- Supplied data:

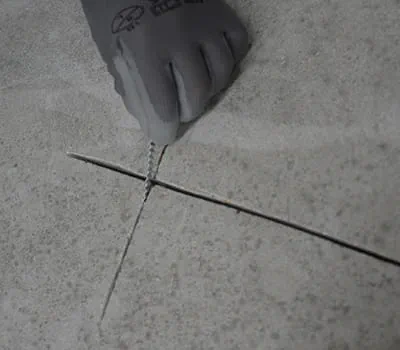 Place the connectors in the transverse joints.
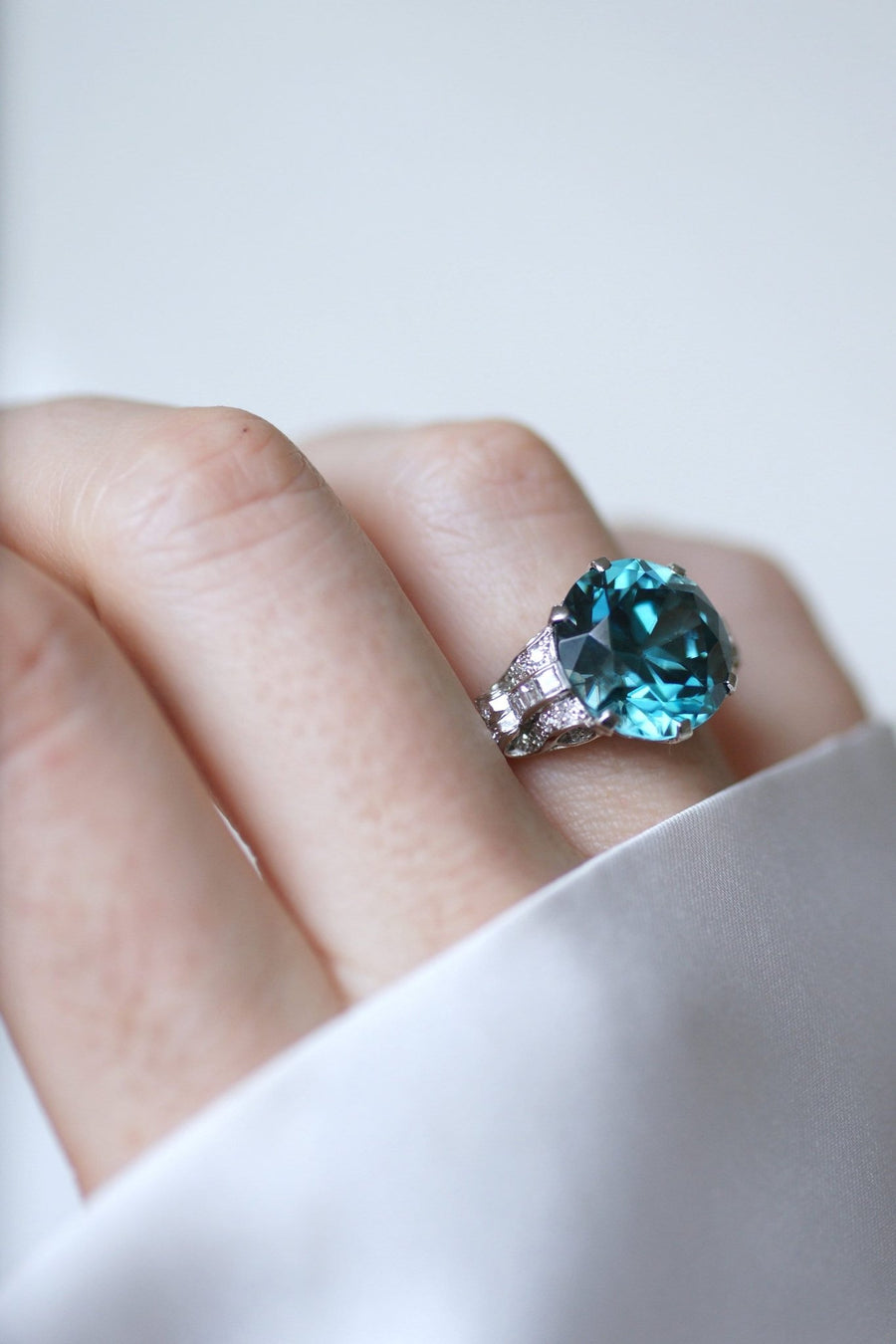 Blue zirconia and diamonds on platinum Cocktail ring - Galerie Pénélope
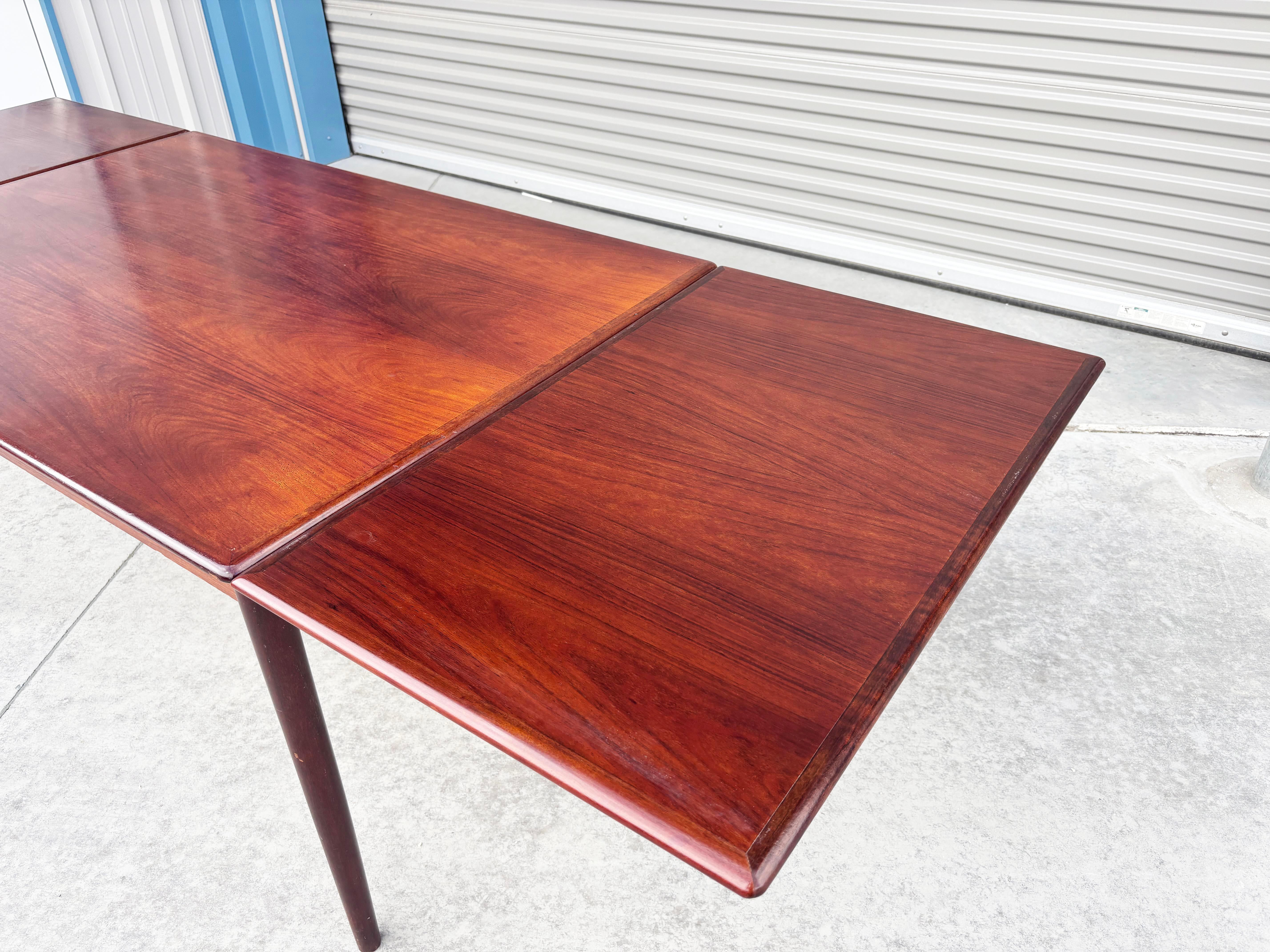 1960s Danish Modern Teak Extendable Dining Table by Am Mobler For Sale 7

- What the task requires: Reproduce the material exactly; keep pictures out.

- Completed exercise:
 Place the connectors in the transverse joints.
 Blue zirconia and diamonds on platinum Cocktail ring - Galerie Pénélope
 1960s Danish Modern Teak Extendable Dining Table by Am Mobler For Sale 7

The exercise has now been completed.